Tagged as: The ex-factor, Troubled relationships<< Previous question   Next question >>
Question - (8 July 2008) 10 Answers - (Newest, 11 August 2008)
A female Bangladesh age 36-40, anonymous writes:

ok , so me an my ex got together about a year ago.

we spent a lot of time together, probably too much, but all that time was spent at his, at his mates ir driving him to and from his mates, i never had anychance to see my mates, when i did break the routine and go out,he would whinge like a baby cause i was goin out with out him, ask why he didnt get invited m i treied to explain to him that that was my space with out him, that i needed a break sometimes, this he didnt understand and accused me of cheating on him rang an text me with abouse, so its over now, easy enough,

but i go out once a month to a *do* i havent been for a long time, but have just started going again, with out thinking about it , when u went back last month, as friends , i took him with me and a few mates, i couldnt enjoy myself as he was there, it just wasnt my kind of scence to have a boyfriend/exboyfriend at, so my night sucked,big time.

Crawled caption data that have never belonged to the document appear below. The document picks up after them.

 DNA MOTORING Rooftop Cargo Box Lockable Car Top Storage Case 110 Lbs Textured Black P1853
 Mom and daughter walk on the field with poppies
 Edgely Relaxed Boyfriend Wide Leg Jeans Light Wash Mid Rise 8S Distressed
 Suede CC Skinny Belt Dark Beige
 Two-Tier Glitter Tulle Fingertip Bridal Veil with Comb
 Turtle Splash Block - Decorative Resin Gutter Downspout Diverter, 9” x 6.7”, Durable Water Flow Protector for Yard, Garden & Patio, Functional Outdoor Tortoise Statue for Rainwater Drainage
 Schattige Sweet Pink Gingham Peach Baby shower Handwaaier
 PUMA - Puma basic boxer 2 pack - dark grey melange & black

he then got hime and invited all of him mates to the next one *bear in mind,i t sounds stupid, but only a select number of people know about this place otherwise it would get ruined and fights may start happening*

so i had to lie to him about when it was to stop him from turning up , i had an amazing night , it was just like the old times , all my old mates etc, i feel really bad for lying to him , and he does know that i did, it may sound stupid and selfish, but how do i get him to not go either at all/all the time/ or so we can both go with out the other being there- kinda alternate,

i see it as my night out with my friends, i dont wana stop going cause he is there and i cant enjoy myself if he is , he has plenty of place to go , like boat partys n crazy stuff like that , i cant even talk to on of his friends on msn, but he cant take my night away from me......??

its not fair.....

how do i nicely ask him not to be there all the time, its only once a month for 6months a yeat, its been going for 5 years and hes never been , its not like he will miss it ??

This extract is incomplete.